Where a picture appears, leave it out, and transcribe all the lines below exactly.
+++ Source material +++
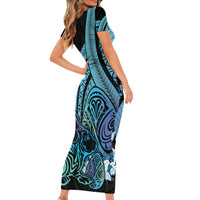 Turquoise Polynesia Easter Day Short Sleeve Bodycon Dress Eggs With Bunny Polynesian Pattern LT14 - Polynesian Pride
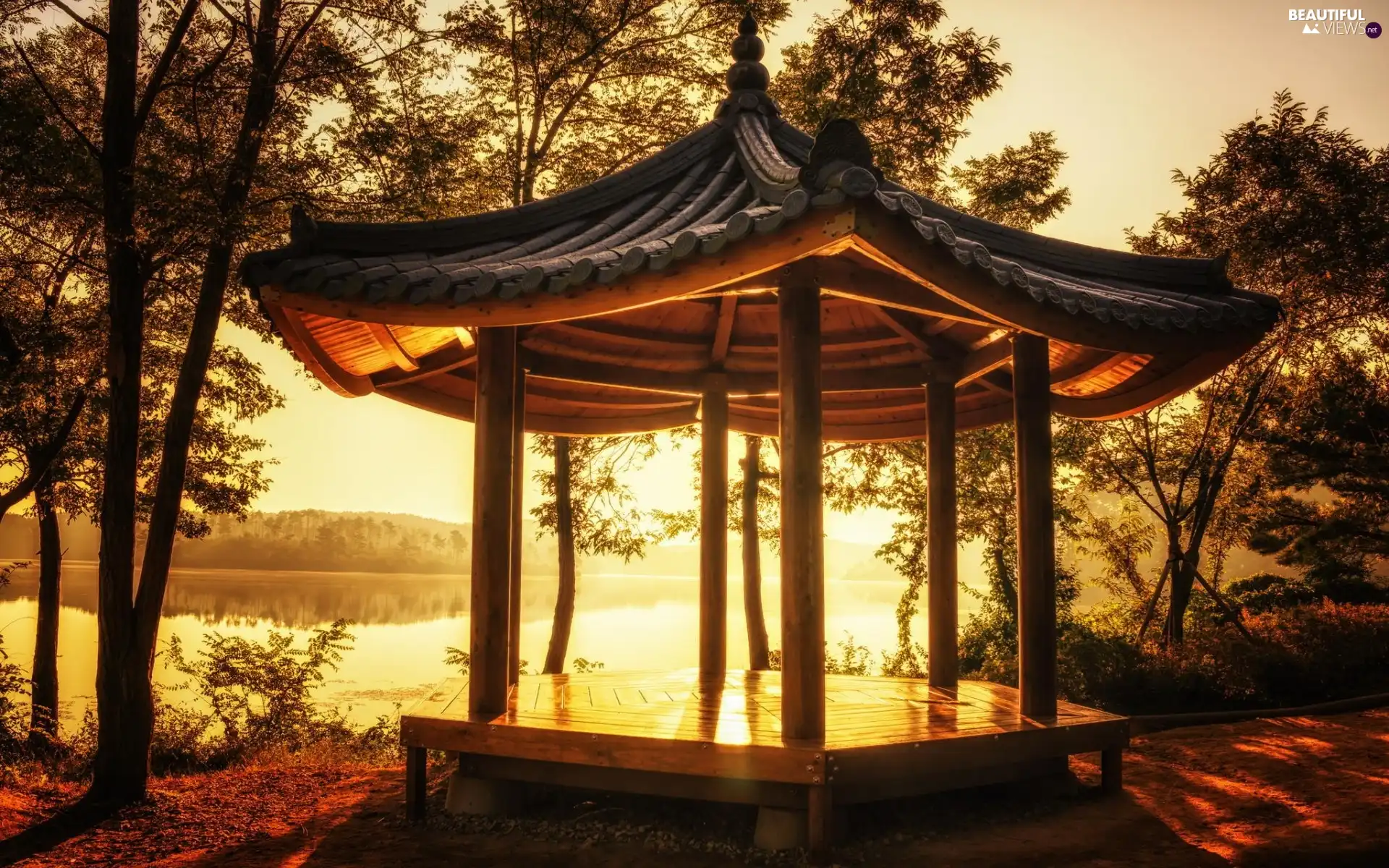 rays of the Sun, autumn, arbour, Way, lake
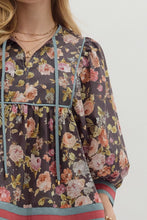 Load image into Gallery viewer, Lainey Floral Blouse - Chocolate *Regular &amp; Curvy*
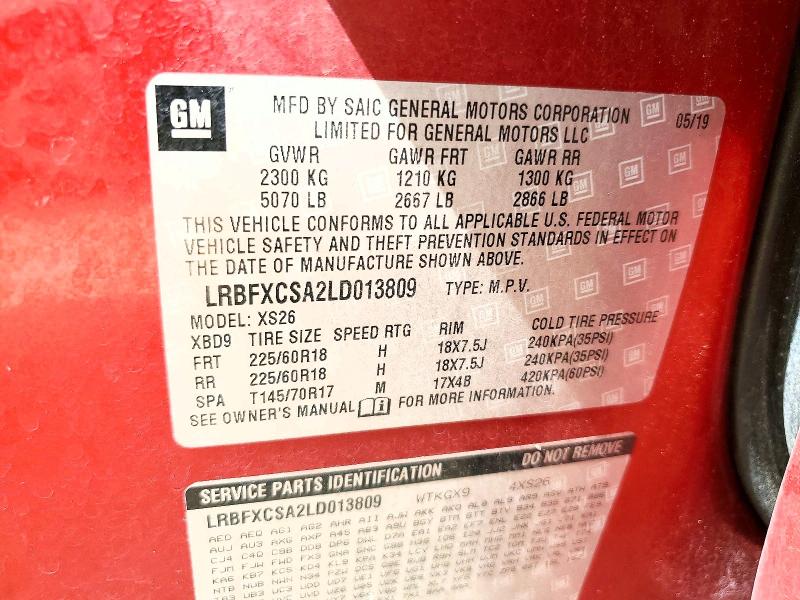 Photo 14 from auction – 2020 BUICK ENVISION with VIN LRBFXCSA2LD013809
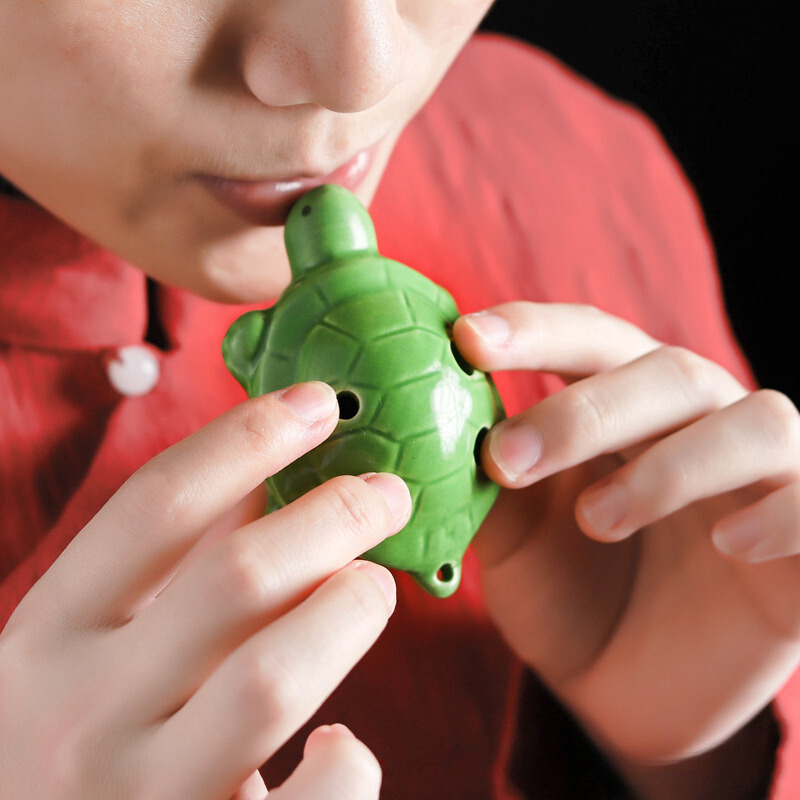 6-Hole Green Ocarina Turtle Shape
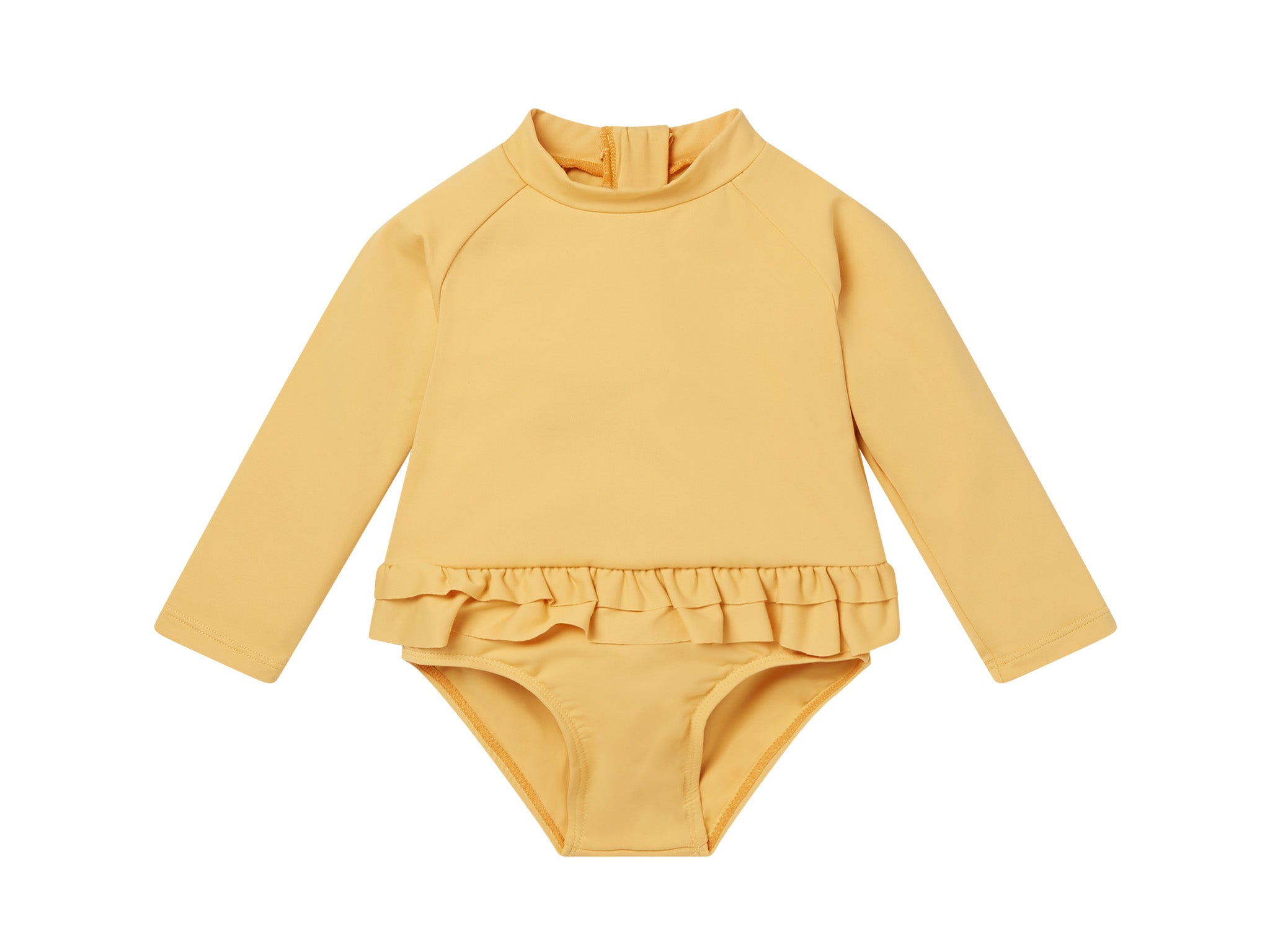 Baby Mori mustard frill long sleeve swimsuit indybest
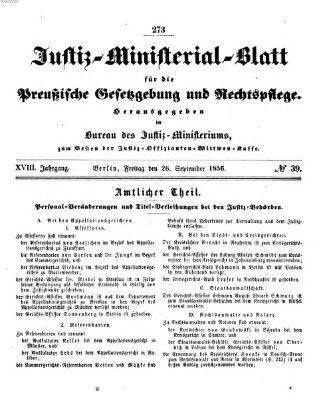 Justiz-Ministerialblatt für die preußische Gesetzgebung und Rechtspflege Freitag 26. September 1856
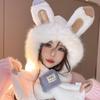 Ladies Hat Cute Ears Scarf Ear Protection Integrated Two-piece Set Fluffy Scarf Thickened Plush Cycling Warm Hat
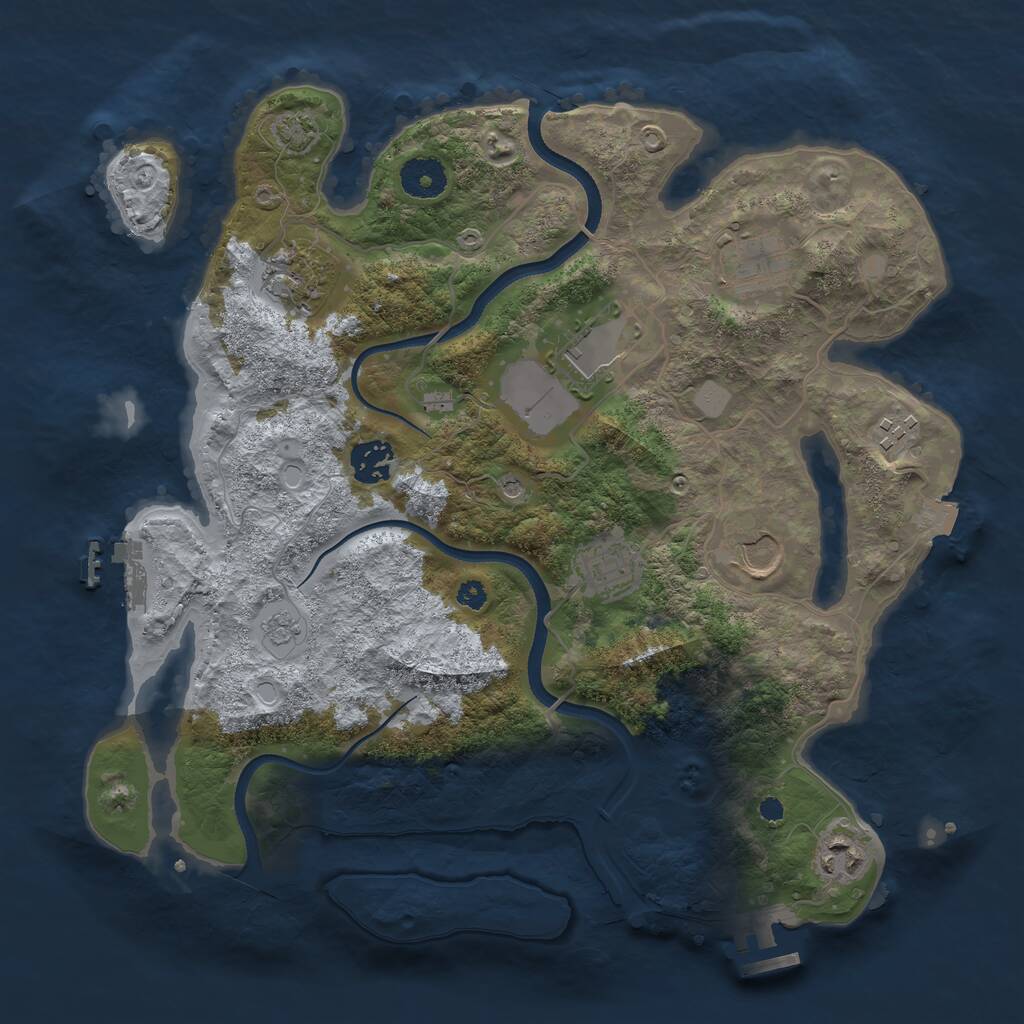 Rust Map: Procedural Map, Size: 3500, Seed: 827997912, 14 Monuments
+++
- **Your solution**:
 Turquoise Polynesia Easter Day Short Sleeve Bodycon Dress Eggs With Bunny Polynesian Pattern LT14 - Polynesian Pride
 rays of the Sun, autumn, arbour, Way, lake
 Load image into Gallery viewer, Lainey Floral Blouse - Chocolate *Regular &amp; Curvy*
 Photo 14 from auction – 2020 BUICK ENVISION with VIN LRBFXCSA2LD013809
 6-Hole Green Ocarina Turtle Shape
 Baby Mori mustard frill long sleeve swimsuit indybest
 Justiz-Ministerialblatt für die preußische Gesetzgebung und Rechtspflege Freitag 26. September 1856
 Ladies Hat Cute Ears Scarf Ear Protection Integrated Two-piece Set Fluffy Scarf Thickened Plush Cycling Warm Hat
 Rust Map: Procedural Map, Size: 3500, Seed: 827997912, 14 Monuments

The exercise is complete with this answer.